TASK GOAL:
Transcribe all the entries word for word, but omit the images.

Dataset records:
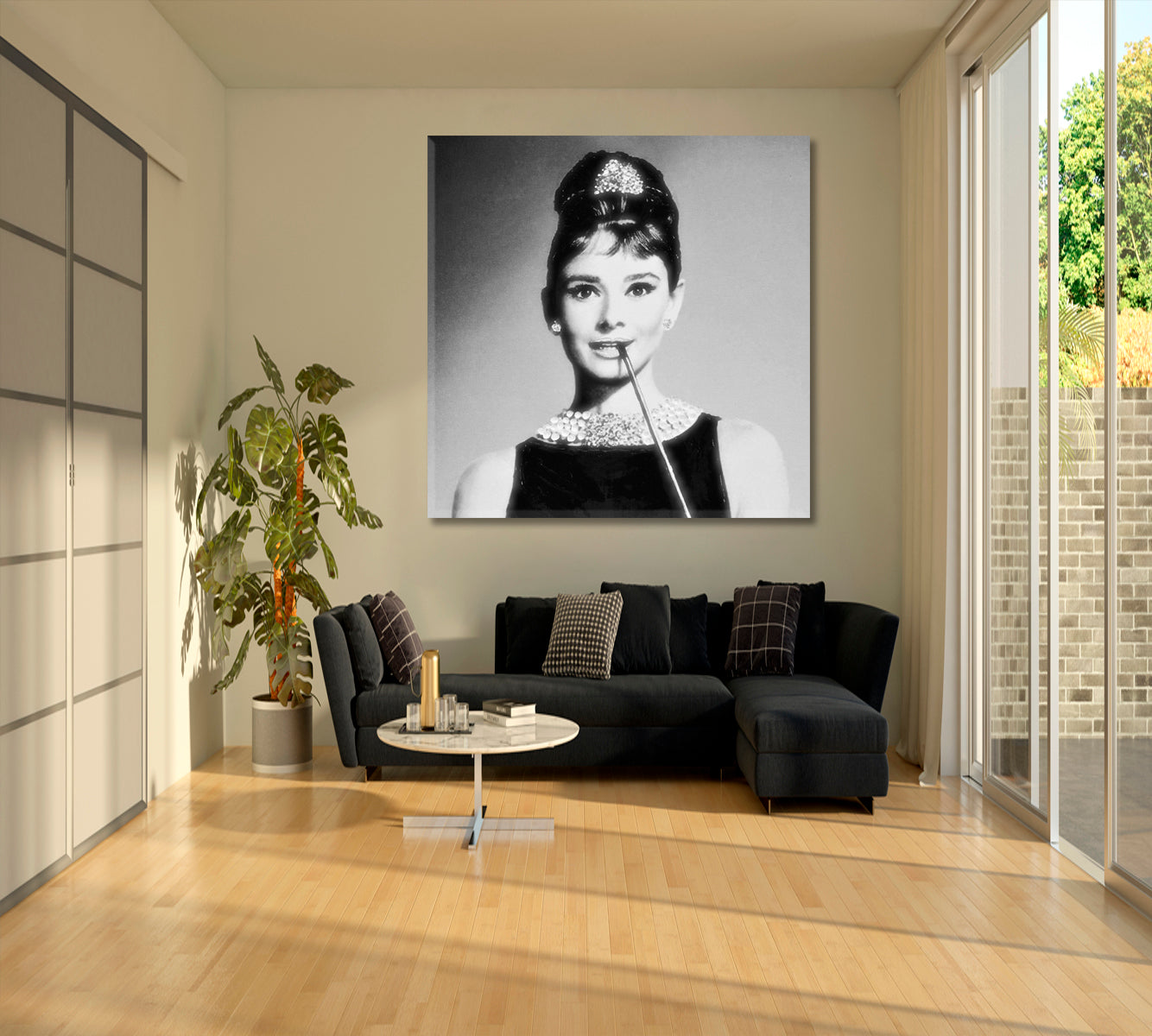 AUDREY HEPBURN WITH MOUTHPIECE Hollywood Star Celebs Canvas Print Artesty   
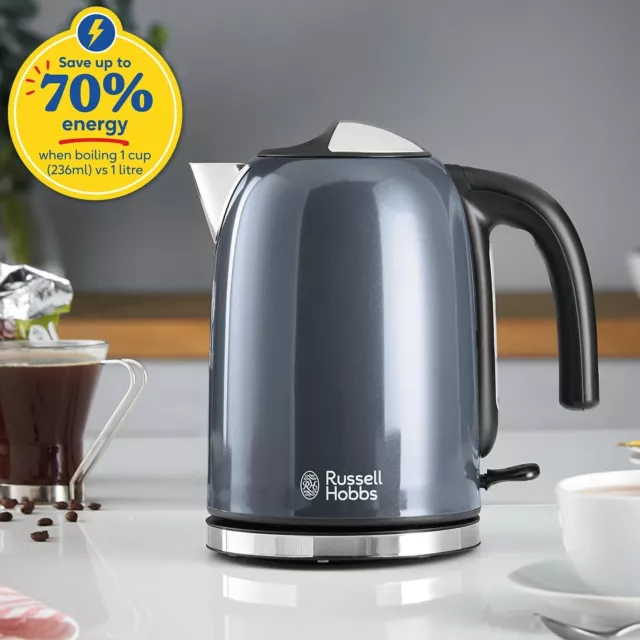 Russell Hobbs Colours Plus Grey 1.7L Kettle & 2 Slice Toaster Matching Set 3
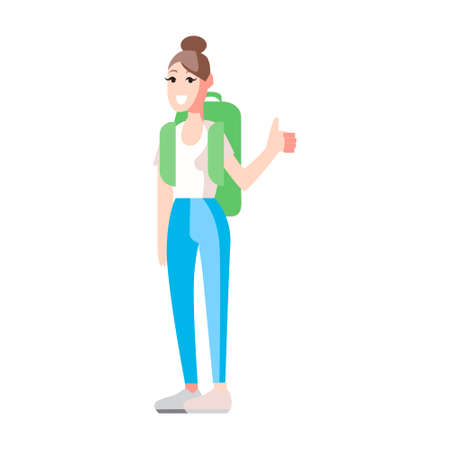 Woman thumbs up hitch-hiking on white backgroundのイラスト素材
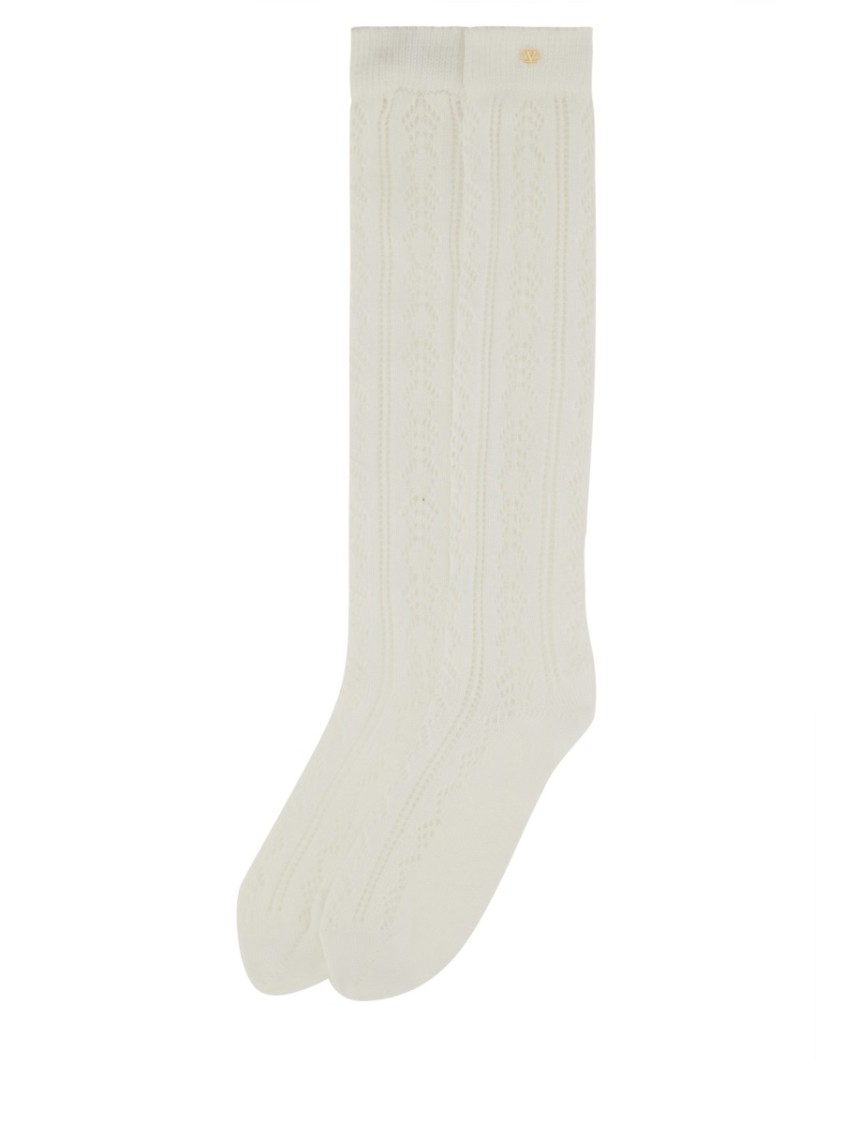 Valentino Perforated Cotton Socks With Vlogo Wit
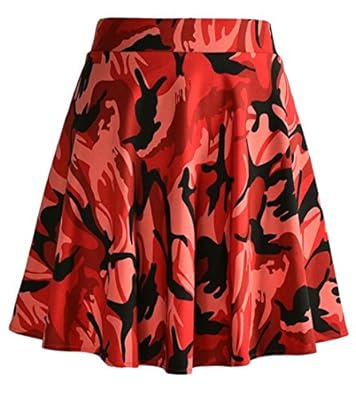 Etecredpow Women Flare Dance Elastic Waist Pleated Skater Casual Camo Skirts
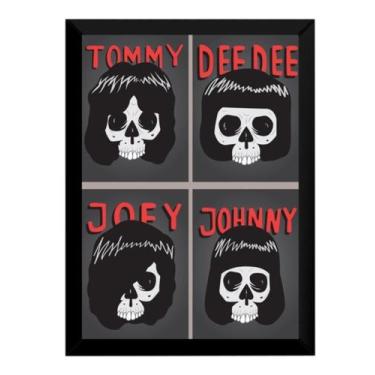 Imagem de Quadro Banda Ramones Punk Rock Caveira Arte Moldura 42x29cm - Fanarte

SOLVED PROBLEM:
 AUDREY HEPBURN WITH MOUTHPIECE Hollywood Star Celebs Canvas Print Artesty   
 Russell Hobbs Colours Plus Grey 1.7L Kettle & 2 Slice Toaster Matching Set 3
 Woman thumbs up hitch-hiking on white backgroundのイラスト素材
 Valentino Perforated Cotton Socks With Vlogo Wit
 Etecredpow Women Flare Dance Elastic Waist Pleated Skater Casual Camo Skirts
 Imagem de Quadro Banda Ramones Punk Rock Caveira Arte Moldura 42x29cm - Fanarte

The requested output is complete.